O terceiro, finalmente, é que, nesses
ecossistemas, existem feedbacks de
extrema importância entre solo, vegetação, fogo e herbivoria. A relação entre
esses termos muda ao longo do tempo. E é preciso entender como ela se dá, o que
é preciso fazer para mantê-la e quando promovê-la, se necessário. Por exemplo,
por meio do manejo criterioso com o fogo.

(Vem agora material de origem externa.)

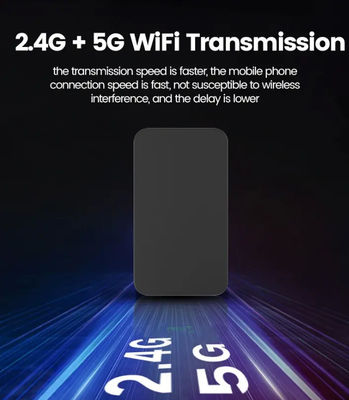 Carlink 5.0 Wireless Carplay And Android Auto Adapter 2 In 1 Ai Box Strong Anti Interference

“Uma mensagem importante é que temos
de guiar a restauração desses ecossistemas com base nas características do que
chamamos de old-growth grasslands, ou seja, dos
campos e savanas primários. Esses sistemas complexos, funcionalmente falando,
foram produzidos pela natureza ao longo de milhões de anos. É preciso aprender
com a natureza”, conclui Fidelis.
A pesquisadora já coordenou vários
projetos de manejo do Cerrado com apoio da FAPESP. E conduz, atualmente, o
projeto “Uso do manejo adaptativo na
otimização do manejo a longo prazo de espécies invasoras prejudiciais à
biodiversidade e economia rural”.
O artigo Ancient grasslands guide ambitious goals in grassland restoration pode
ser acessado em: www.science.org/doi/10.1126/science.abo4605.